Pengaturan pokoknya sudah dimasukkan ke dalam RUU KUHP.

Muhammad Yasin
Bacaan 2 Menit
Mahupiki menggelar seminar di kampus FH UI Depok yang menghadirkan sejumlah pakar hukum pidana, antara lain Prof. Muladi. Foto: MYS
Mahupiki menggelar seminar di kampus FH UI Depok yang menghadirkan sejumlah pakar hukum pidana, antara lain Prof. Muladi. Foto: MYS

Nama tujuh perseroan terbatas tertera dalam naskah pidato Jaksa Agung yang dipersiapkan untuk seminar Masyarakat Hukum Pidana dan Kriminologi di kampus Fakultas Hukum Universitas Indonesia, Depok, Senin (18/2). Jaksa Agung HM Prasetyo tidak hadir, dan digantikan oleh Jaksa Agung Muda Tindak Pidana Khusus Adi Toegarisman. Nama ketujuh perusahaan itu disebut dalam konteks langkah Kejaksaan Agung menangani tindak pidana yang dilakukan korporasi.

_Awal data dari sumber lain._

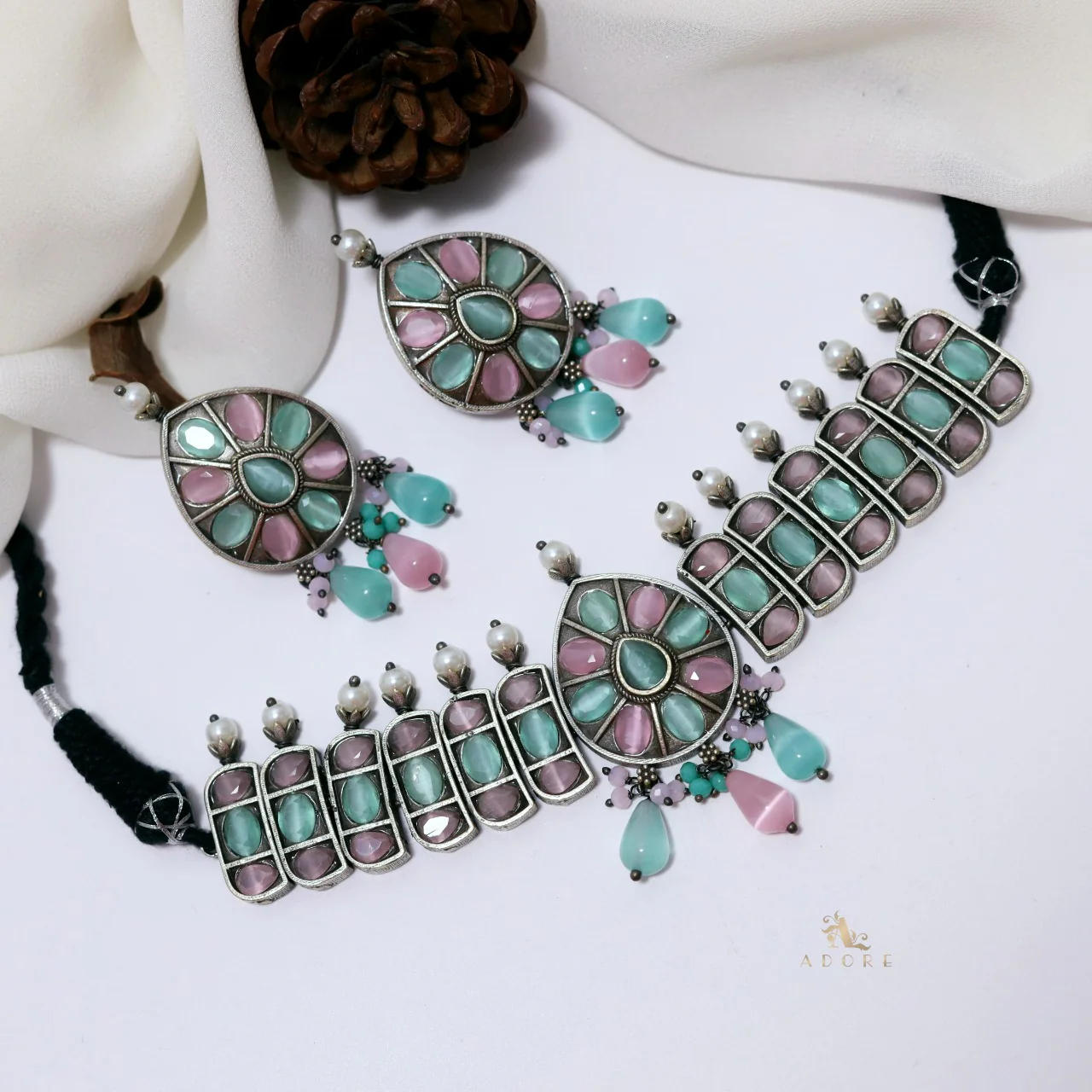 Shubhagni Choker With Earring - Image 4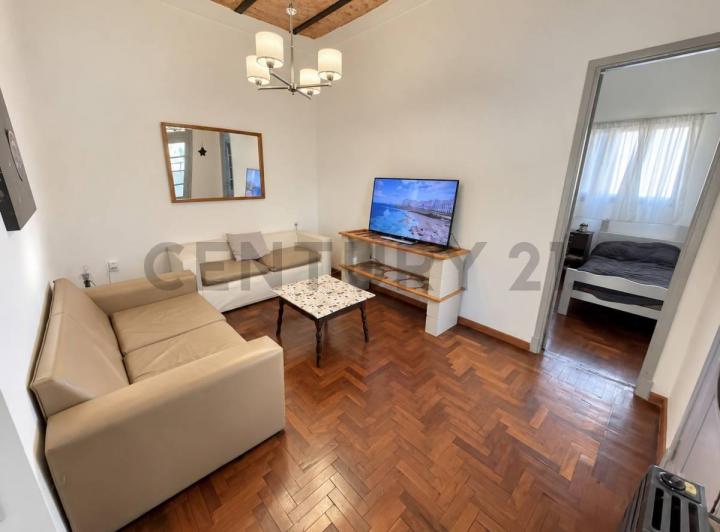 Casa · 270m² · 10 Ambientes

Meskipun Toegarisman tak membacakan satu per satu nama perseroan, toh ia mengungkapkan komitmen Kejaksaan untuk terus menggunakan konsep pertanggungjawaban pidana korporasi dalam kasus-kasus yang melibatkan korporasi sebagai pelaku. Kejaksaan pula yang memulai ‘tradisi’ menjerat korporasi itu pada 2009 silam ketika korps adhyaksa melakukan penuntutan terhadap PT Giri Jaladhi Wana (GJW). Perusahaan ini dituntut bersalah melakukan tindak pidana korupsi dalam pembangunan pasar Sentra Antasari Banjarmasin, Kalimantan Selatan.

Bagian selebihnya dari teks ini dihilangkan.